Children and Young People (Scotland) Act 2014 Explanatory Notes

Part 6 – Early Learning and Childcare

Section 46 – Early learning and childcare

109.Section 1(1) of the 1980 Act imposes a duty on every education authority to secure that there is adequate and efficient provision of school education made for their area. Section 46 defines “early learning and childcare” as a service, consisting of education and care, of a kind which is suitable in the ordinary case for children who are under school age, with regard being had to the importance of interactions and other experiences which support learning and development in a caring and nurturing setting. The phrase “of a kind which is suitable in the ordinary case for children who are under school age” is consistent with its use in the 1980 Act. Guidance issued by the Scottish Ministers under section 34 of the Standards in Scotland’s Schools Act 2000 (“the 2000 Act”) (which is amended by paragraph 7 of schedule 5) together with national guidance will be used to provide more detail as to what those types of interactions and experiences will encapsulate.
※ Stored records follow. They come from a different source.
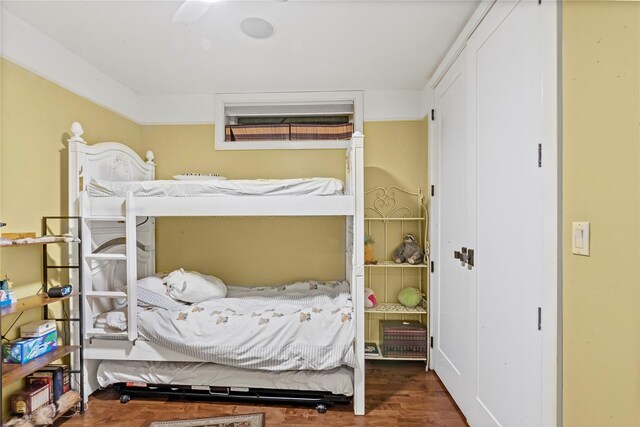 bedroom with a closet and wood finished floors
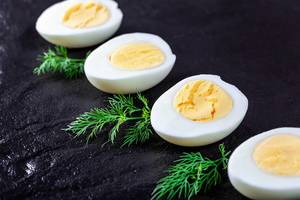 Halves of boiled eggs on a black background with greens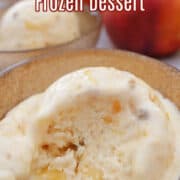 A bowl with a scoop of peach cobbler frozen dessert in it.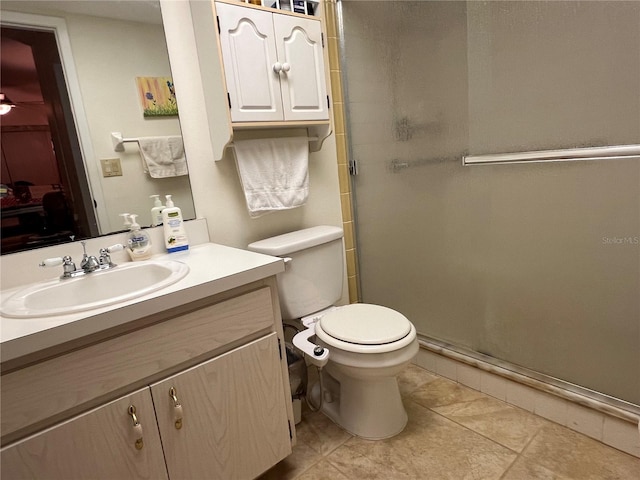 bathroom featuring vanity, tile patterned floors, toilet, and walk in shower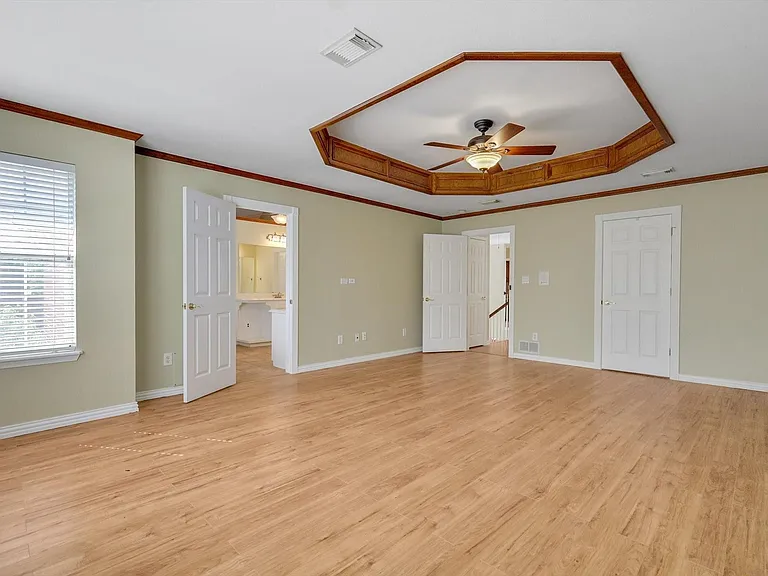 2nd Story Primary Bedroom featuring wood flooring, a tray ceiling with wood-paneled trim, a ceiling fan, and private ensuite and two closets.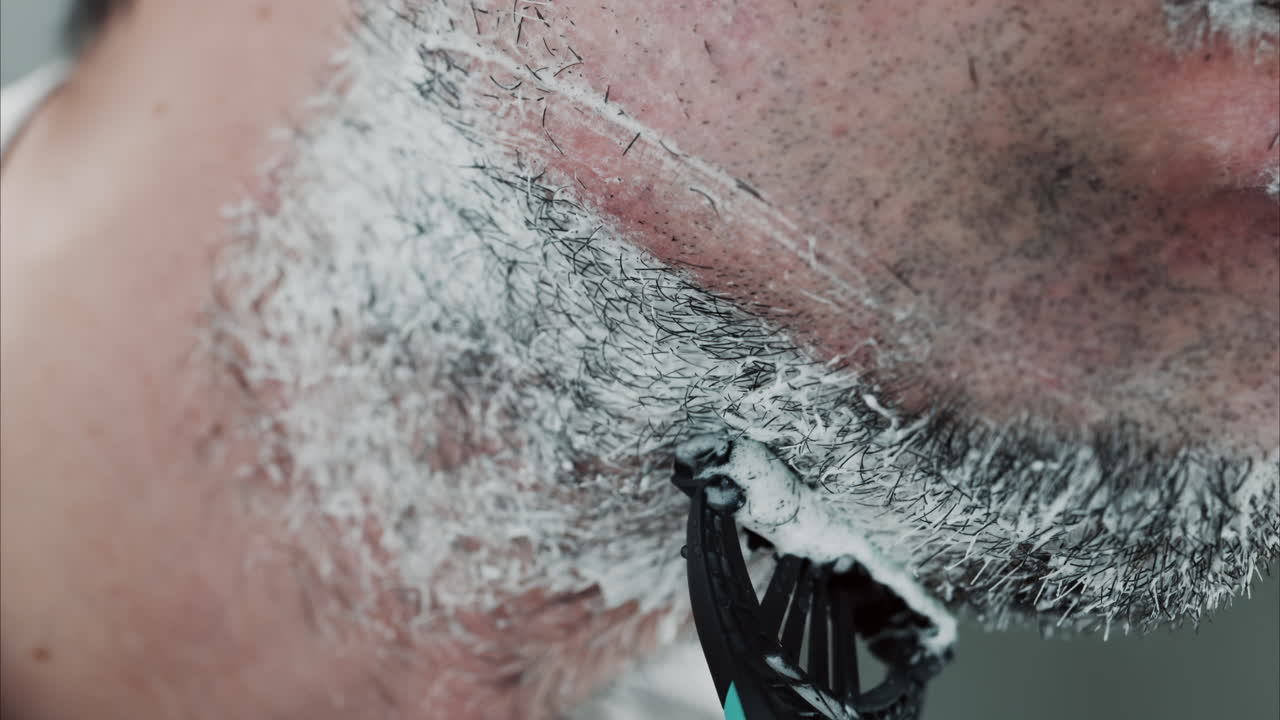 Primo piano di un uomo che si rade la barba con un rasoio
Section 47 – Duty to secure provision of early learning and childcare

110.Subsection (1) provides that an education authority must, in pursuance of its duty under section 1(1) of the 1980 Act, secure that the mandatory amount of early learning and childcare (as defined in section 46) is made available for each eligible pre-school child belonging to its area. Section 23(3) of the 1980 Act provides that a pupil receiving school education is deemed to belong to the area where the pupil’s parent is ordinarily residing. This is subject to any regulations made by the Scottish Ministers.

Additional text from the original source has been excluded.